Аполлон Григорьев пытался резко объясниться с ним от имени всех своих товарищей, в том числе и Островского:
«Мы (не я один, но мы) видим и хотим видеть историческую связь между нашей деятельностью (как она ни малозначительна) и деятельностью Пушкинской эпохи, но не видим и не хотим видеть связи между нами и М. А. Дмитриевым, которого имя Вам угодно было присовокупить к числу имен почтенных, нами уважаемых и, вследствие того, упомянутых. Мы не видим также причин, почему заменено в одном месте позорное имя Фадейки Булгарина именем, все-таки более достойным уважения, – Н. А. Полевого: неужели потому только, что Фадейка служит кое-где, а Полевой – покойник?»[200]

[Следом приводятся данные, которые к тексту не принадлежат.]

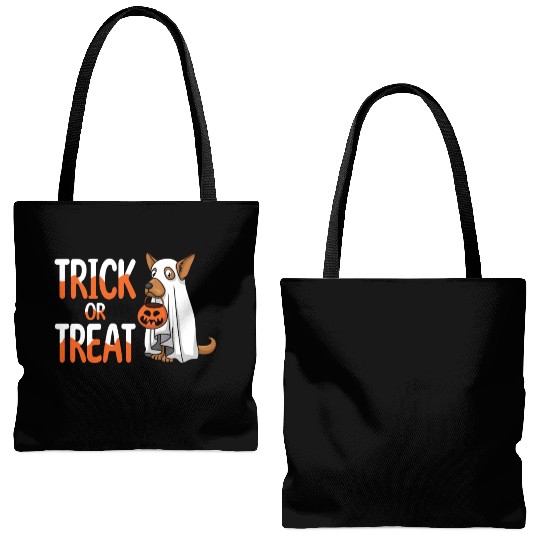 Funny Ghost Dog Trick Treat Lazy Creepy Halloween Tote Bags (AOP)
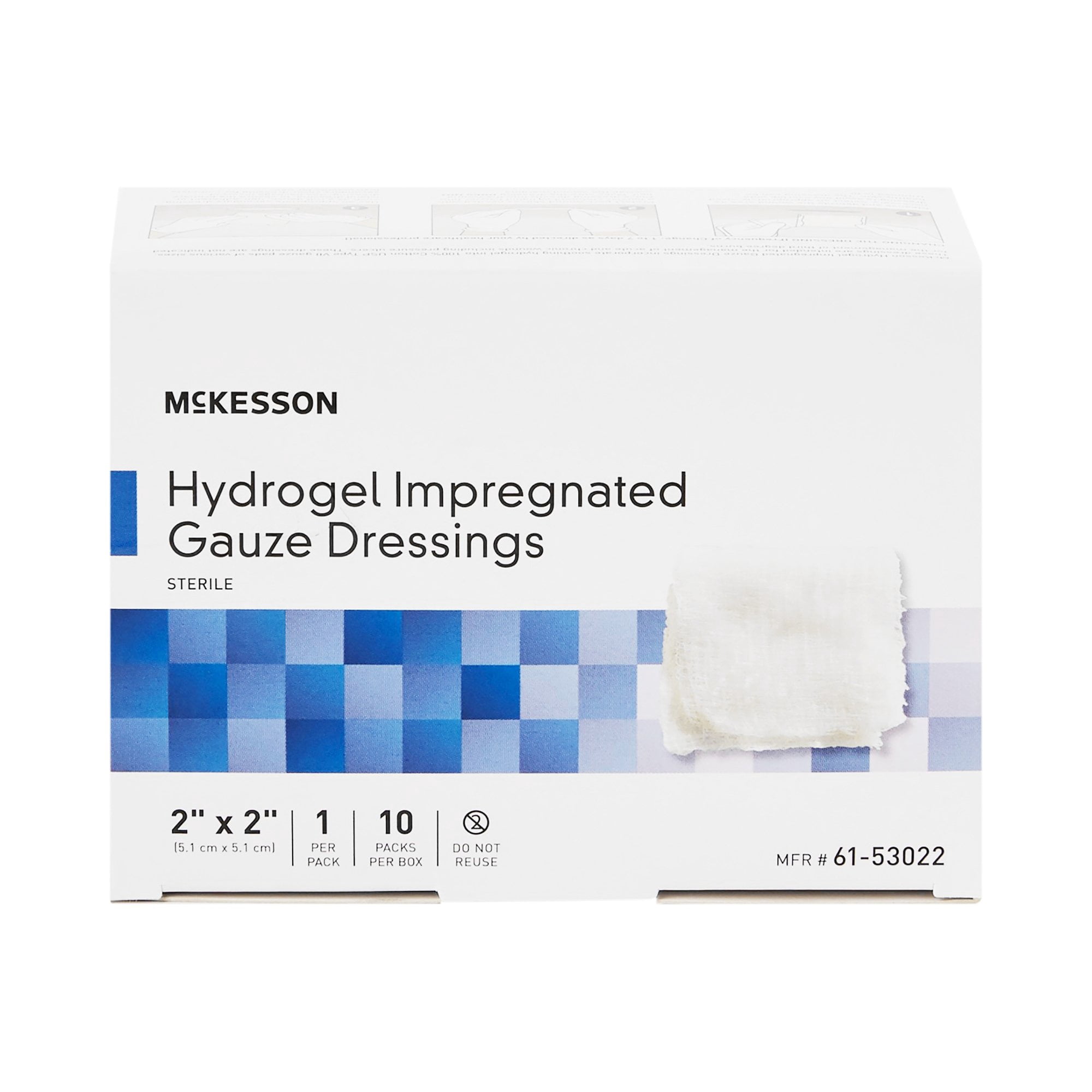 McKesson Hydrogel Impregnated Gauze Dressing - Sterile Bandage, 2 in x 2 in, 10 Count, 4 Packs, 40 Total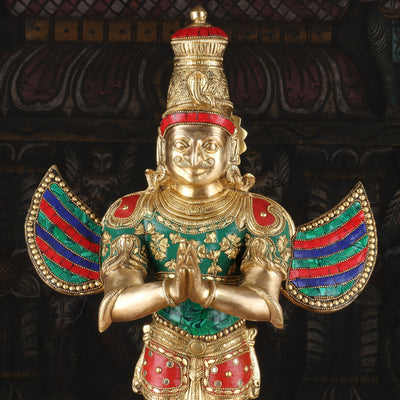 Standing Garuda Brass Statue Idol For Temple Home Decor Showpiece 22"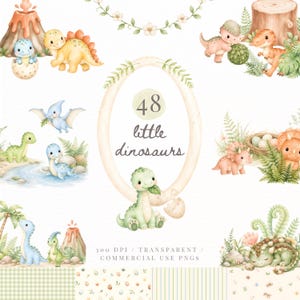 Puede incluir: Una colección de ilustraciones en acuarela que muestran varios dinosaurios bebés, volcanes, troncos de árboles y follaje. El marco ovalado central contiene el texto 48 little dinosaurs, con patrones y elementos adicionales mostrados debajo.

«Молодая редакция» упорно отстаивала свои вкусы и симпатии, но редакторская длань Погодина, казалось бы, наблюдавшего ход дела со стороны и целиком доверившегося молодым, простиралась неумолимо и вершила свое в самый неожиданный момент.

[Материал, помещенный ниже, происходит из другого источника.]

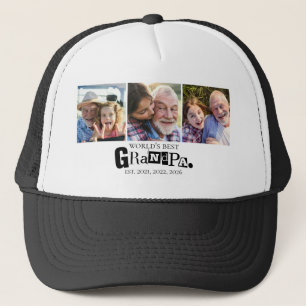 World's Best Grandpa Est Year 3 Photo Collage Trucker Hat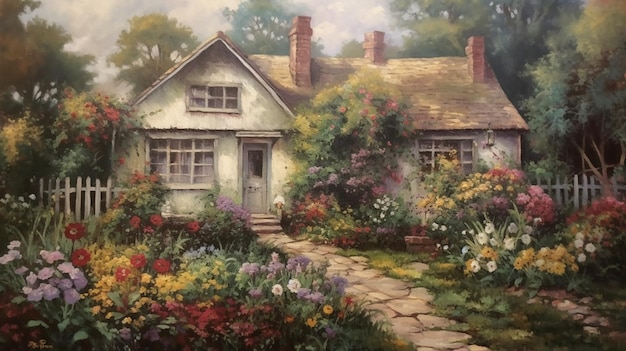 Une peinture d'une maison avec un jardin au premier plan et une maison avec un jardin en arrière-plan.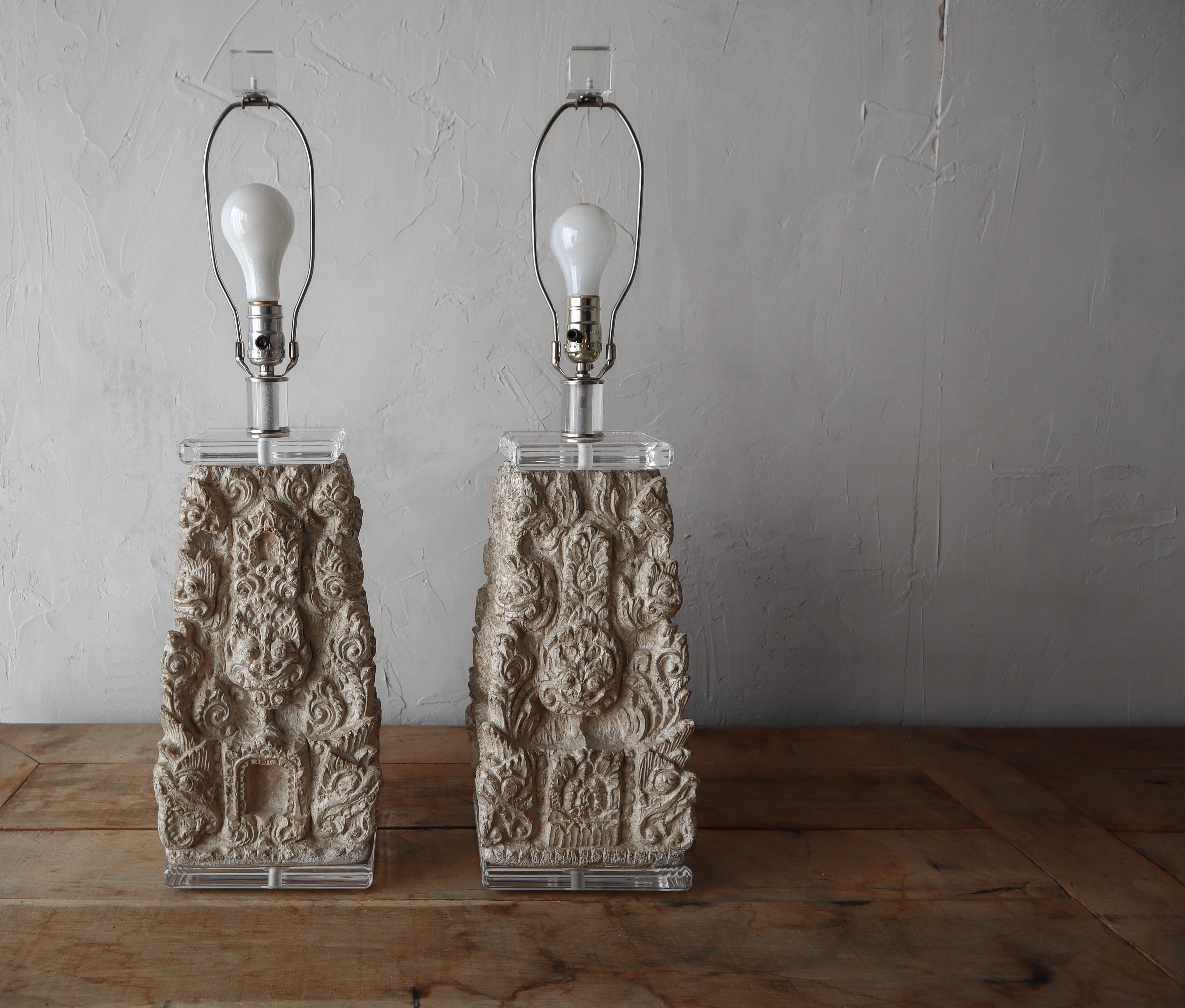 Ceramic Substantial Pair of Carved Stone and Lucite Asian Foo Dog Lamps For Sale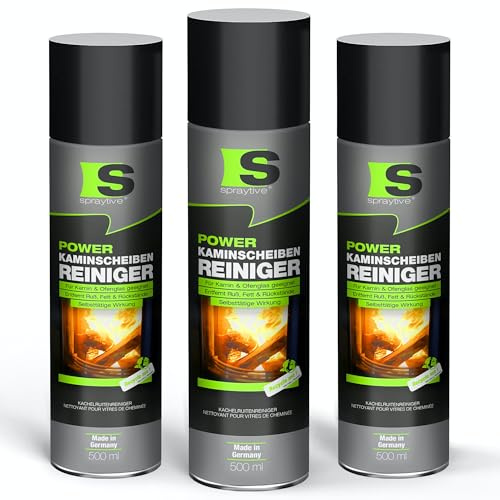 Spraytive 3 x 500 ml Power-Kaminscheibenreiniger – Aktivschaum-Spray für Kamin- & Ofenglas – entfernt Ruß, Fett & eingebrannte Rückstände selbsttätig – klare Sicht ohne Schrubben – Made in Germany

«Напишешь, бывало, статью о современной литературе, – с досадой вспоминал Aп. Григорьев, – ну, положим, хоть о лирических поэтах, – и вдруг, к изумлению и ужасу, видишь, что в нее к именам Пушкина, Лермонтова, Кольцова, Хомякова, Огарева, Фета, Полонского, Мея втесались в соседство имена гр. Ростопчиной, г-жи Каролины Павловой, г. М. Дмитриева, г. Федорова… и – о, ужас! – Авдотьи Глинки! Видишь – и глазам своим не веришь! Кажется, и последнюю корректуру, и сверстку даже прочел, – а вдруг, точно по мании волшебного жезла, явились в печати незваные гости! Или следит, бывало, зорко и подозрительно следит молодая редакция, чтобы какая-нибудь элегия г. М. Дмитриева или какой-нибудь старческий грех какого-либо другого столь же знаменитого литератора не проскочил в нумер журнала. Чуть немного поослаблен надзор – г. М. Дмитриев налицо, и г-жа К. Павлова что-нибудь соорудила, и, наконец, к крайнейшему отчаянию молодой редакции на видном-то самом месте какая-нибудь инквизиторская статья г. Стурдзы красуется…»[201]

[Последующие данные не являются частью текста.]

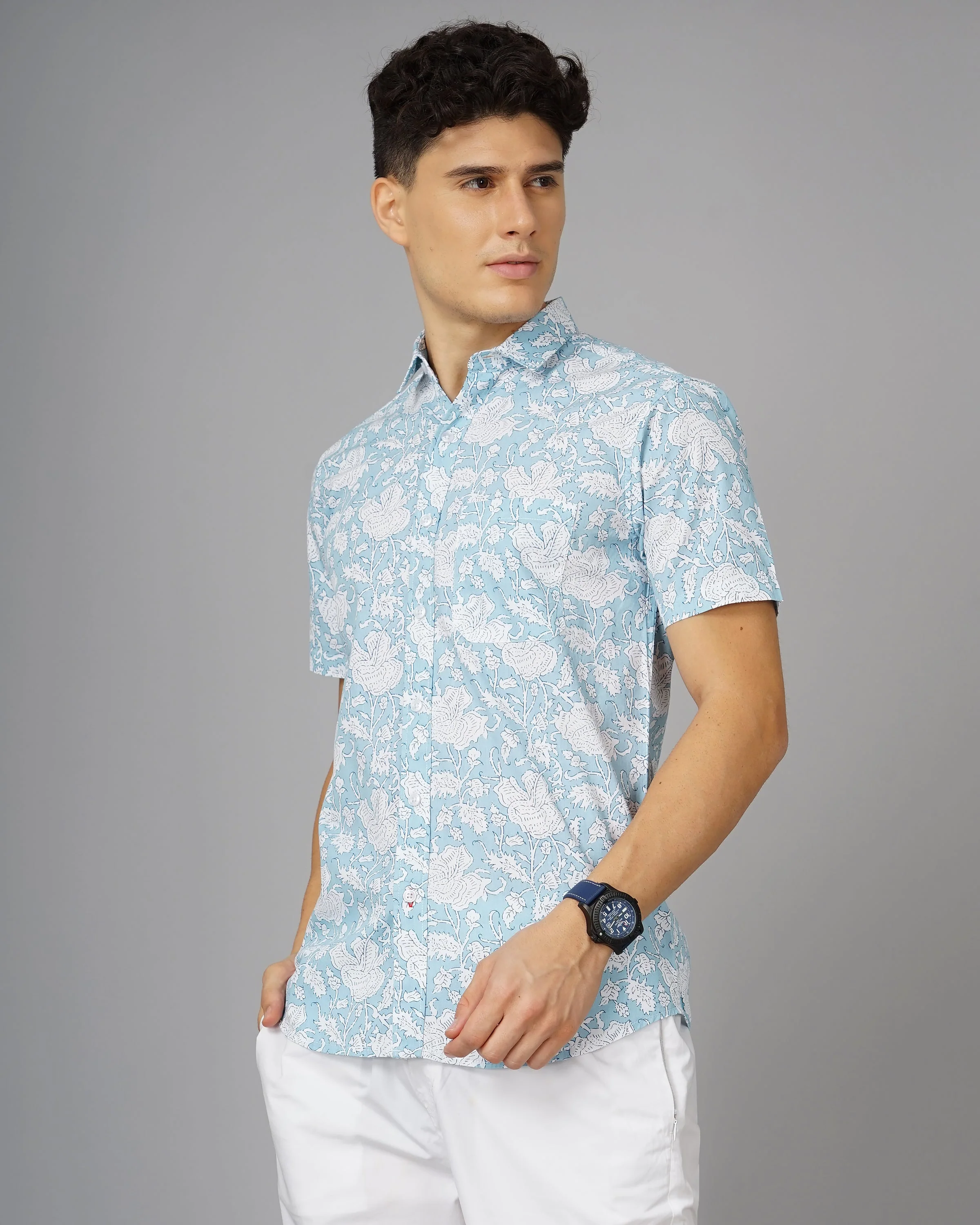 Men Floral Sky Blue Shirt - Image 3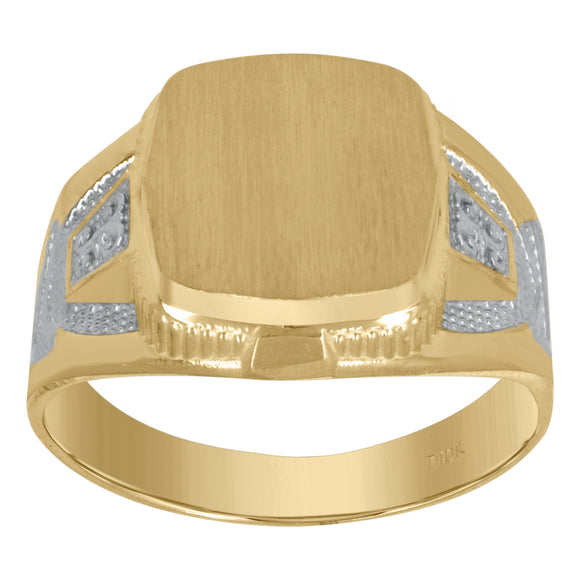 10KT Two-Tone Gold Mens Square Head Signet Ring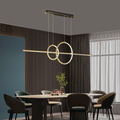 CASSANDRA 40W LED Pendant Light with Remote Control, Linear, Cool/Warm/Neutral Light, Dimmable, Gold, Adjustable Height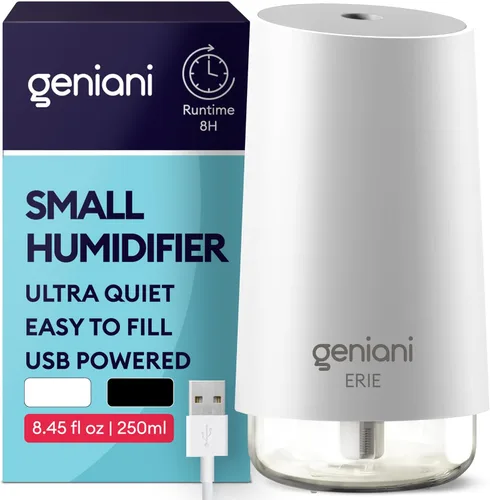 GENIANI - Humidificadores portátiles de vapor frío para dormitorio y oficina - Humidificador ultrasónico para el hogar, bebé, habitación pequeña con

Островский на первых порах принимал горячее участие в этих спорах с Погодиным. Но вскоре понял их бесплодность и охолодел к своим редакторским обязанностям. К тому же и в самой «молодой редакции» не было чаемого единства. Ап. Григорьев со своей страстной и деспотической в убеждениях натурой хотел, чтобы все думали, как он, даже и в вопросах, не имевших значения принципа, скажем, когда дело касалось игры актеров.
В Москву в 1851 году прибыла на гастроли петербургская актриса Самойлова. Григорьев посвятил ей восторженные панегирические статьи, где краем задел и московскую театральную труппу. Островскому пришлось это не по душе, и он поправил несколько выражений в статье. Оскорбленный Григорьев апеллировал к Погодину, ища у него поддержки и защиты. А вскоре по другому поводу сам напал на своих товарищей по «молодой редакции».